- Opening Delimiter -

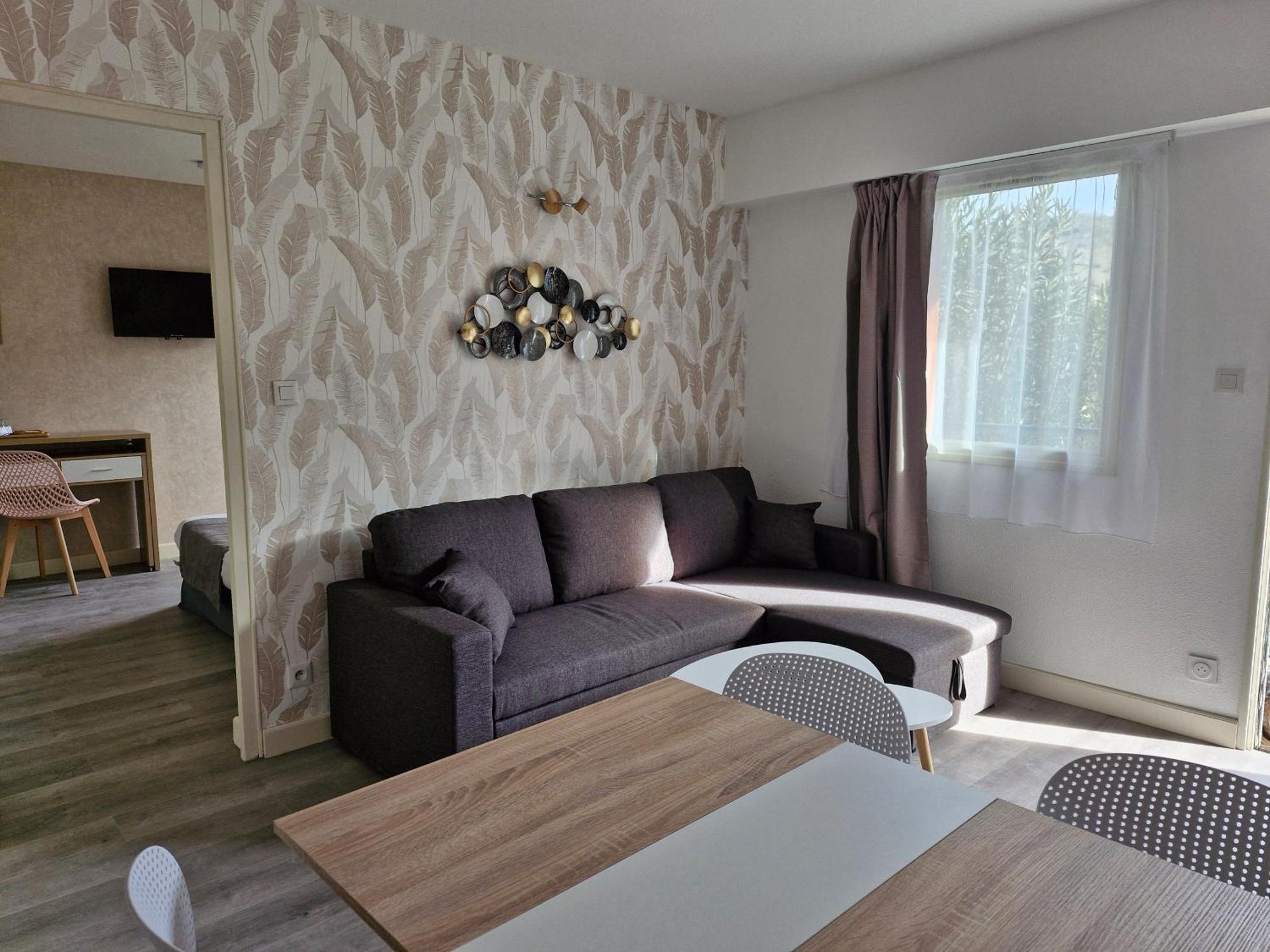 Hotel Le Vanseen Les Vans Exteriör bild
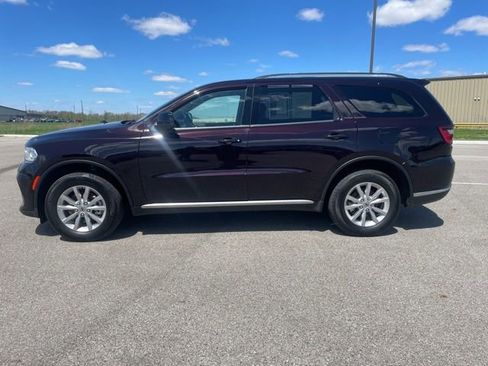 Used 2024 Dodge Durango SXT AWD/4WD image 11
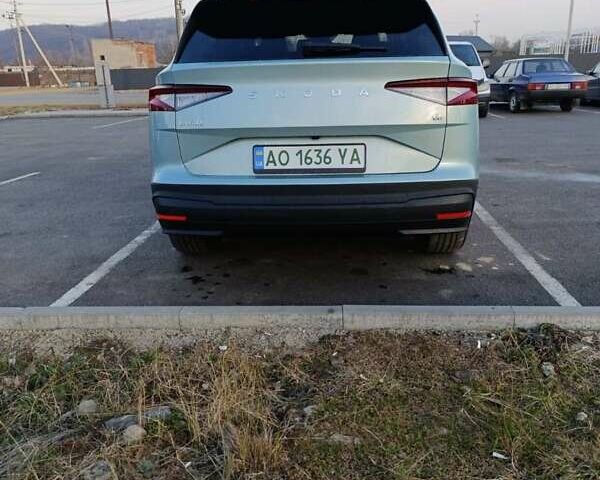 Серый Шкода Enyaq iV, объемом двигателя 0 л и пробегом 1 тыс. км за 28500 $, фото 4 на Automoto.ua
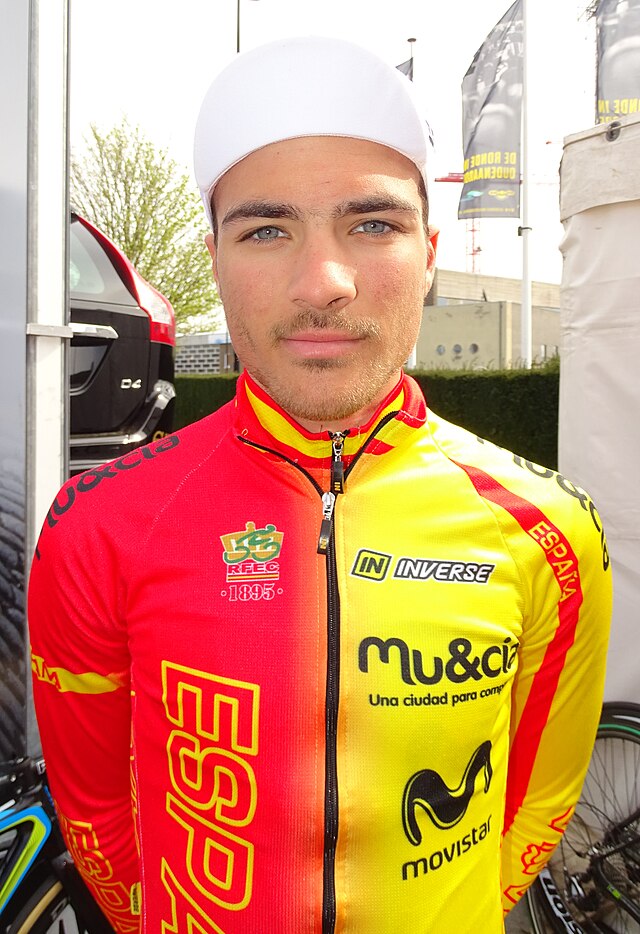 Diego Pablo Sevilla riding the 2016 Ronde van Vlaanderen Beloften.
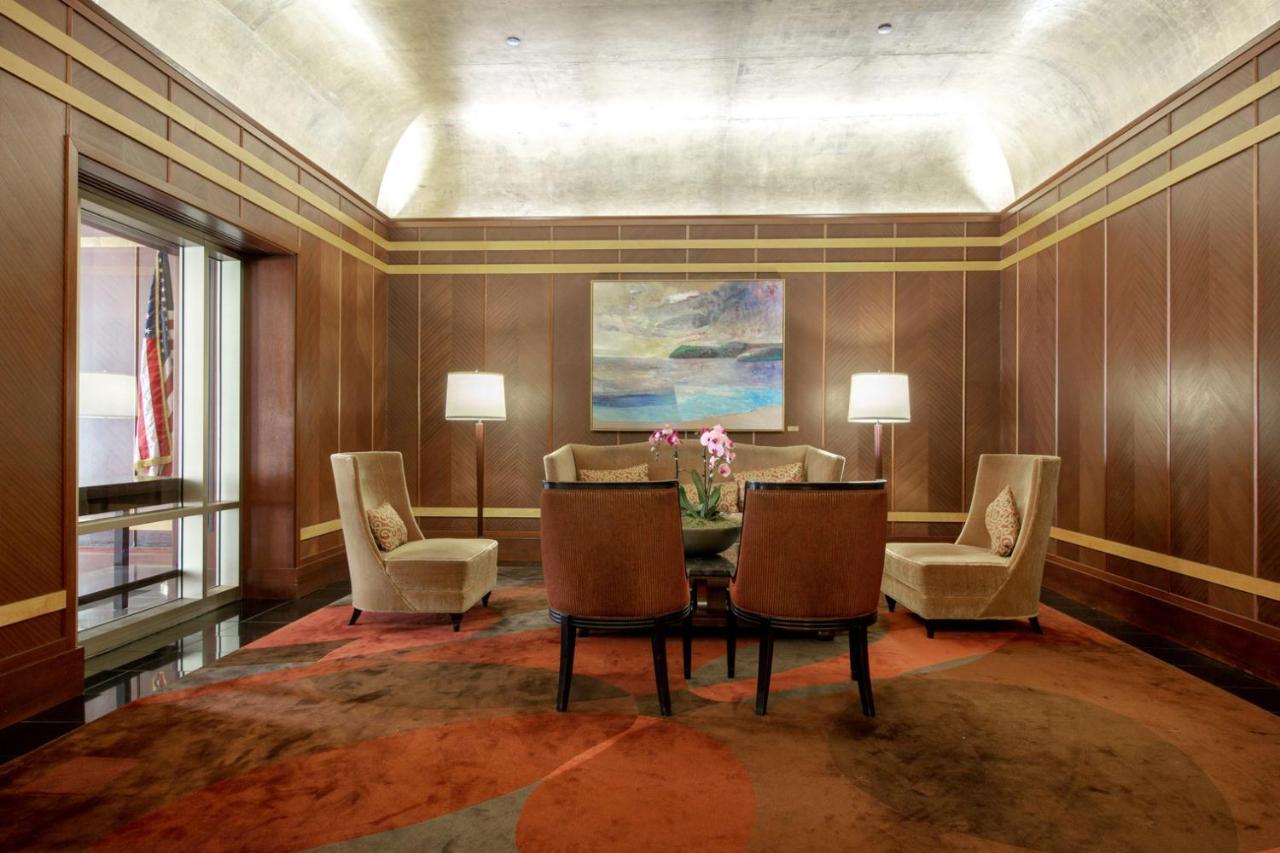 River N 2br W Gym Wd Nr Magnificent Mile Chi-164 Apartment Chicago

- Closing Delimiter -

WHAT TO WORK ON: Could you retype exactly, and only, the lines running from the one with "Серый Шкода Enyaq" to the last line of the listing, while leaving any pictures out?

TASK RESULT:
 Серый Шкода Enyaq iV, объемом двигателя 0 л и пробегом 1 тыс. км за 28500 $, фото 4 на Automoto.ua
 Diego Pablo Sevilla riding the 2016 Ronde van Vlaanderen Beloften.
 River N 2br W Gym Wd Nr Magnificent Mile Chi-164 Apartment Chicago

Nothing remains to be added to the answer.